In May, country superstar Jason Aldean released a single called “Try That in a Small Town,” with lyrics that paint contemporary urban life as a landscape of crime and mayhem: “Sucker punching somebody on the sidewalk / Karjak old lady at a red light.”
“You think you’re tough,” Aldean sings. Well, try that in a small town.
Initially, the track received relatively little notice, landing at No. 35 on Billboard’s Hot Country Songs chart. That changed last week, after the song music video It became a culture war battleground, with some accusing Aldian – one of the country’s biggest hitmakers for nearly two decades – of using racist dog whistle tactics and the singer defending himself as the latest victim of an out-of-control “cancel culture”.
The controversy has led to an Aldean song rush, with both streams and downloads exploding over the past week. “Try That in a Small Town” debuted at number two on the Hot 100, Aldean’s all-time best showing on the all-genre Billboard pop chart, beating out current hits by Olivia Rodrigo and Morgan Whalen. Aldean was only surpassed this week by South Korean boy band BTS’s Jung Kook, whose debut single “Seven” opened at number one.
The video for “Try That”, released on July 14, opens with Aldean performing in front of a stately building draped in the American flag; The structure was soon identified as the Morey County Courthouse in Columbia, Tenn. In 1927, a young black man named Henry Choate was lynched by a vigilante group after being accused – wrongly, historians believe – of raping a white girl.
The video shows montage after montage of violent street protests, robberies, and people antagonizing police officers in riot gear. These scenes are juxtaposed with images of American flags flying, children playing, and what appears to be a TV news clip about farmers helping a neighbor.

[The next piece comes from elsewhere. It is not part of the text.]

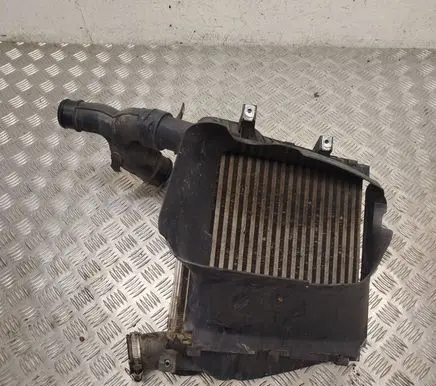 Volkswagen Touareg I Intercooler radiator 7L0117339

Three days after its release, the video was pulled from rotation on Country Music Television, without explanation. But it was widely criticized as a veiled attack on the Black Lives Matter protests in 2020.
Justin Jones, Representative of Tennessee, wrote on Twitter that lawmakers “have an obligation to condemn Jason Aldean’s hideous song advocating racial violence. What a shameful vision of gun extremism and vigilanteism.”
Aldean, 46, has denied that race plays any role in the lyrics, or that “Try That” is a “pro-homicide song,” he says on social media“These references are not only baseless, but dangerous.”
Some artists, including the country singer, defended him Cody Johnsonwho said in concert, “If being a patriot makes you an outlaw, then by God I’d be an outlaw.” Ted Nugentwho relishes any quarrels with liberals, said on Fox News: “Stupids hate Jason Aldean’s song because they hate it when we resist violence.”
At a concert in Cincinnati on Friday, Aldean was defiant. “Cancel culture is a thing,” he said he told the crowd at the Riverbend Music Center. “It’s something where if people don’t like what you say, they try and make sure they can unsubscribe you, which means trying to ruin your life, screw everything up.”
“What I’m proud of is American,” he added. “I love our country, and I want to see it restored to the way it was before all of this [expletive] It started happening to us.” “United States of America” anthems sang in the grandstand.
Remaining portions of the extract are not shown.